İnternette bulunduğum her ortamda Jr. Kobe nickini kullandığımdan, o şekilde biliniyorum genelde. LakersTR.com'un kurucularındanım.

Hem futbol, hem basketbolu çok yakın takip ederim. Galatasaray ve Lakers'lıyım. Ama yazdığım yazılarda objektiflikten ödün vermemeye çalışırım. Eğer objektiflikten saparsam da bunu belirtirim.

Bir sinema manyağıyım. İnternetten sürekli filmlerin DVD'sini indirir, hem izlerim hem de hoşuma gidenleri devasa film arşivime eklerim. 1 TB'lık external disk'imin 400 GB'ı falan filmlerle dolu. Ama son zamanlarda kendimi daha çok dizilere adadım. Filmdense, ölümüne dizi izliyorum. Oysa eskiden ne çok yapardım, oturup günde 2-3 film izleyip, bloga ve üye olduğum forumlara yorum yazmayı.. Neyse. Romantik-komedi türünün özel hayranıyım, bilim kurgu-fantastik türlerden, uçan kaçan böcekli, yaratıklı filmlerden mümkün olduğunca uzak durmaya çalışırım. Diğer türler konusunda bir önyargım yoktur, hepsini izlerim. Clint Eastwood, Morgan Freeman, Jack Nicholson, Quentin Tarantino, Samul L. Jackson, Adam Sandler, Natalie Portman, Jean Reno, Edward Norton, Jason Statham severim, sayarım.


Olayım ne?
Sportif ağırlıklı, ilgi çekici konuları ele alırım. Belli bir kategorisi yoktur blogun. Yazma gerekliliği duyduğum her boku yazarım. Sıradan bir blogger olmadığımı düşünüyorum. Herkesin üzerinde durduğu konulara fazla takılmam.

Türkiye'de bir yara olan seksüel korkaklık konusunda çok tepkiliyim. Milletin bloglarda haber girerken bile "aman resim fazla açık seçik olmasın" diye geri adım atışına inat, cesurca sergilerim zevkime uygun olan şeyleri. Gizleyecek, saklayacak bir şey olduğunu düşünmüyorum. Blogda bolca hatun resmi bulabilirsiniz, malum buna aç bir milletiz. Ama öyle "off karıya bak" resimlerinden çok, kalite ve özgünlük kriterim vardır.. Blogu takip edenlerin çoğu bunun farkındadır.

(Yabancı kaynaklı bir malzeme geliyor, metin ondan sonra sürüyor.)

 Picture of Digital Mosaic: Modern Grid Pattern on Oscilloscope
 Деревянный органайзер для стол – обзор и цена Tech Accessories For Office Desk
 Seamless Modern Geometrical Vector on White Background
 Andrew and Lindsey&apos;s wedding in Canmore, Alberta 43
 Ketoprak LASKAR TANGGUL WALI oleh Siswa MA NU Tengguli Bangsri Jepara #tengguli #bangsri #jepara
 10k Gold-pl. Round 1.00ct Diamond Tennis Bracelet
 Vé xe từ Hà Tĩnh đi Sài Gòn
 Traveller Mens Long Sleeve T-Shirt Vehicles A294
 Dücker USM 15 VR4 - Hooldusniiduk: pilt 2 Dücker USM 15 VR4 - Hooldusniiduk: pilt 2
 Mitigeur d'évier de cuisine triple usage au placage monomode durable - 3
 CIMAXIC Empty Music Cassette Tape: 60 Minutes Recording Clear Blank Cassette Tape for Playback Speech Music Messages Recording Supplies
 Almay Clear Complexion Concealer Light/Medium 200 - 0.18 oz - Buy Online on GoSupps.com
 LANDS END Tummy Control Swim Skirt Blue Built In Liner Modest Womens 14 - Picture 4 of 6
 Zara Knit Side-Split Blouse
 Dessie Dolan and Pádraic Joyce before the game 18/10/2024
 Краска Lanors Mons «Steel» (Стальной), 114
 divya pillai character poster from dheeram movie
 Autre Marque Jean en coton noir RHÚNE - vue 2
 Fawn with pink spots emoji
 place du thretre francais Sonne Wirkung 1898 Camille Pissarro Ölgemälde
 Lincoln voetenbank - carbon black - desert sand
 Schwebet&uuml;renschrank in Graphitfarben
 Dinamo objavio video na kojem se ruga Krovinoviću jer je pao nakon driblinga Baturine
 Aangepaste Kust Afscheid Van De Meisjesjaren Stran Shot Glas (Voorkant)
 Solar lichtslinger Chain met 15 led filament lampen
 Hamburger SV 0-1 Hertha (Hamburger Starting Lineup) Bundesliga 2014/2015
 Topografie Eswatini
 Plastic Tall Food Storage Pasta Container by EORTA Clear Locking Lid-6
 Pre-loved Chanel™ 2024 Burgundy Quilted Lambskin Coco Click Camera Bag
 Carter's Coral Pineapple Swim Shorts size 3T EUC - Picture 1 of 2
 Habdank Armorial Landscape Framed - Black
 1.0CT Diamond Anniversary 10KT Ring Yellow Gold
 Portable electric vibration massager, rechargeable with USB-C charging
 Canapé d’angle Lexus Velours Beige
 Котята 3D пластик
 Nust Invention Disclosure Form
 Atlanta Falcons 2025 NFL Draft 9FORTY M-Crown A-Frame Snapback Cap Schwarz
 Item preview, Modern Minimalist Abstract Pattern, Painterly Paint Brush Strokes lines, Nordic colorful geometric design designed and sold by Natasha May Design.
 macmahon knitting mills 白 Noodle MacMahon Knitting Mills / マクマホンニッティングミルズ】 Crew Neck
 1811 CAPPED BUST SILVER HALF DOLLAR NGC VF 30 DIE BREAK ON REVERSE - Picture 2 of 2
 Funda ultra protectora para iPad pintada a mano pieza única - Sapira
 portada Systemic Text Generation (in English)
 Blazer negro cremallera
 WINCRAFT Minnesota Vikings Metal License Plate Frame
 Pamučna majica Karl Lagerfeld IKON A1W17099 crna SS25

Radikal, özel ve kaliteli resimler paylaşırım.

* * *

2007 yazının sonunda ÖSS nedeniyle kapatmıştım blogu. 2008 yazının başında üniversite maceramın başlamasıyla birlikte tekrar açtım. Keşke komple kapatmasaydım da, 500 civarındaki eski postlar da duruyor olsaydı, çok pişmanım. Ben bir daha dönmem diye düşünmüştüm ama dayanamadım. Yine ilgi çekecek her türden yazılarla huzurlarınızda olacağım.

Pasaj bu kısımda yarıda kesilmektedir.